> [DATA FOR THE TASK]

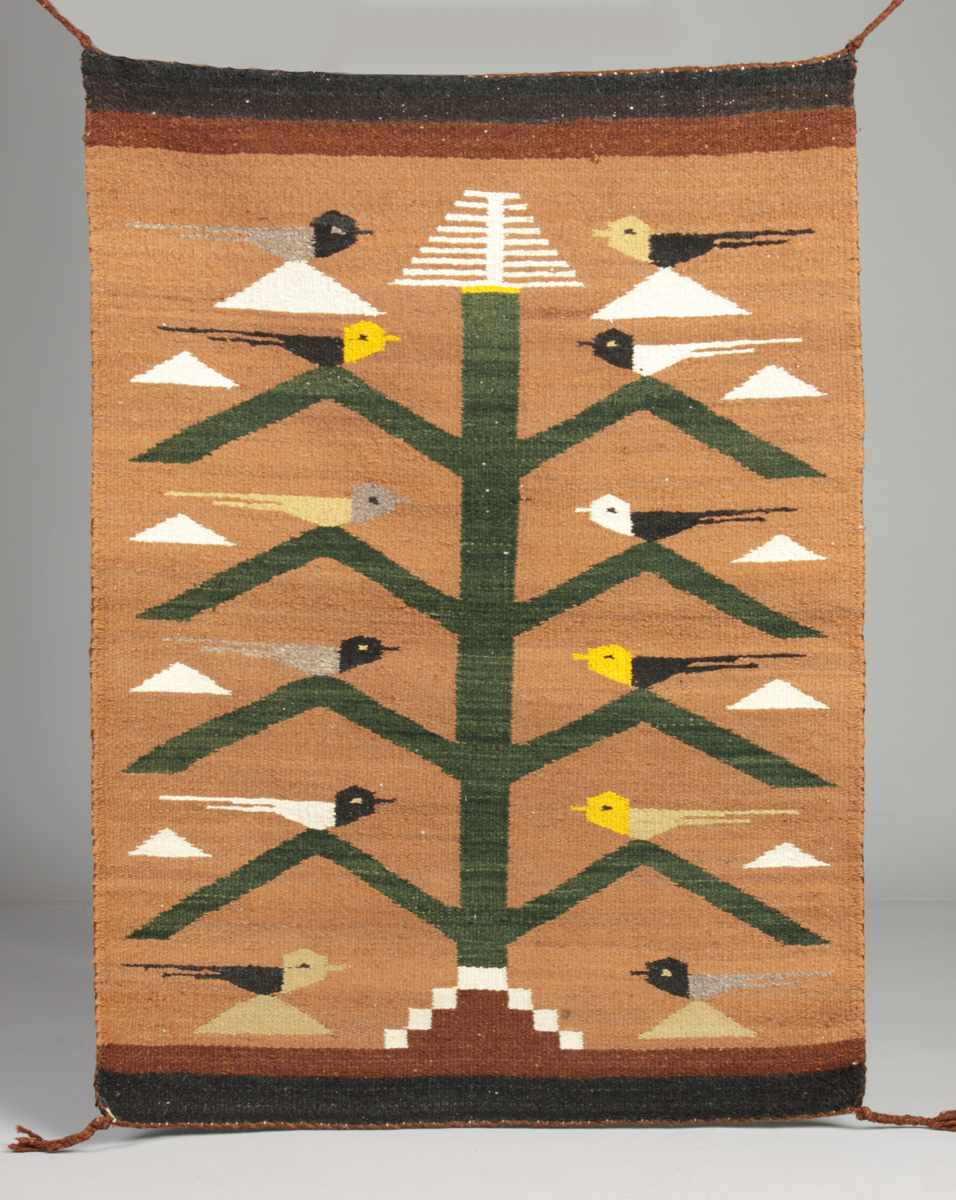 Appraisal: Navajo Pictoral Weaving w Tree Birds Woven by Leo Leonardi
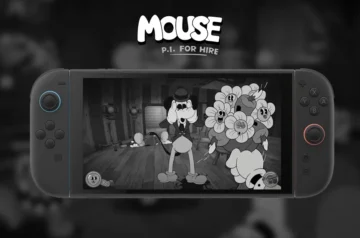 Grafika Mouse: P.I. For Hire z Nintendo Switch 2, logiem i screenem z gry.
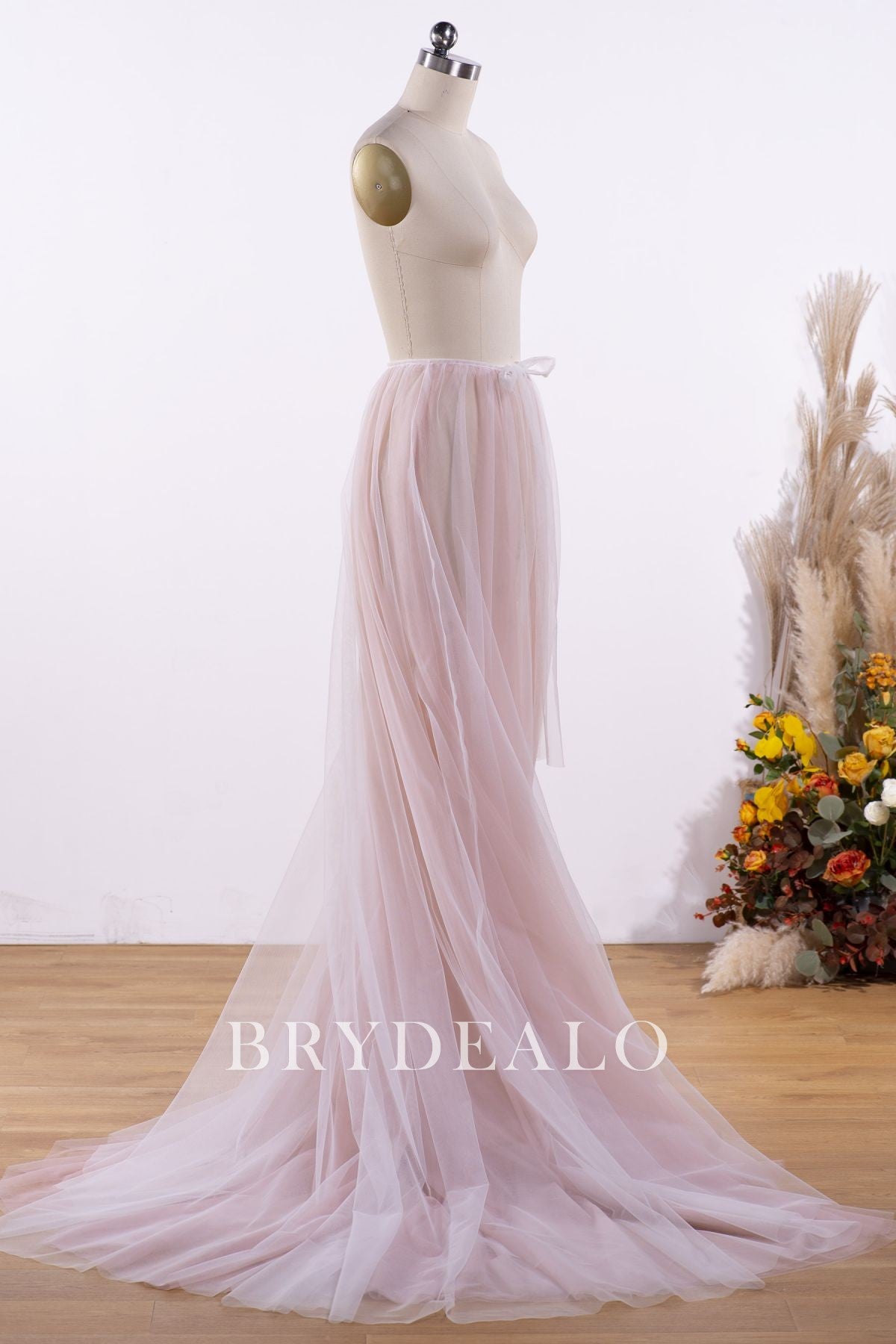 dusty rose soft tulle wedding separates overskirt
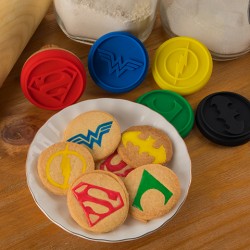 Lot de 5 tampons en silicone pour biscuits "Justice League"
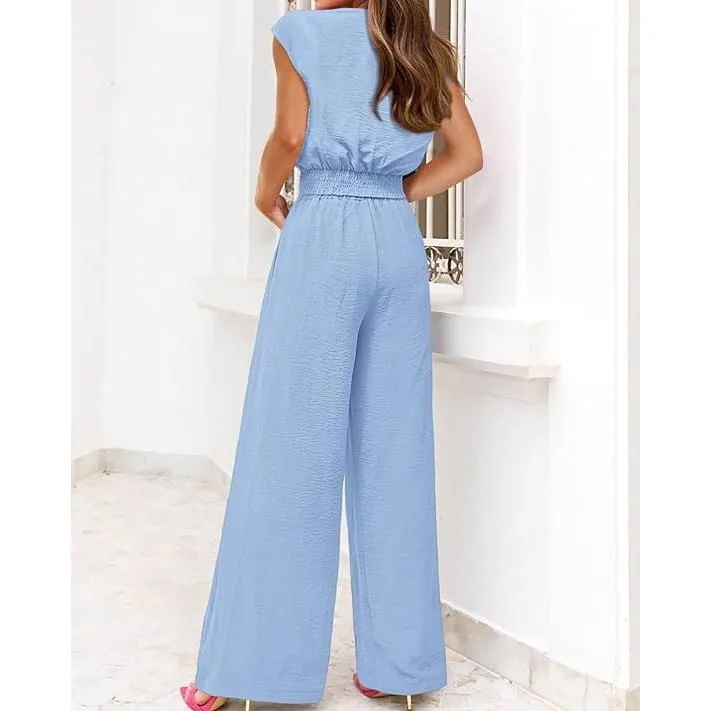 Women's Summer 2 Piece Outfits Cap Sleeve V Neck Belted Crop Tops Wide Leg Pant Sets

> [PROBLEM STATEMENT]
Every line of the data above is to be set down exactly; the pictures are not.

> [TASK RESPONSE]
 Appraisal: Navajo Pictoral Weaving w Tree Birds Woven by Leo Leonardi
 Grafika Mouse: P.I. For Hire z Nintendo Switch 2, logiem i screenem z gry.
 dusty rose soft tulle wedding separates overskirt
 Lot de 5 tampons en silicone pour biscuits "Justice League"
 Women's Summer 2 Piece Outfits Cap Sleeve V Neck Belted Crop Tops Wide Leg Pant Sets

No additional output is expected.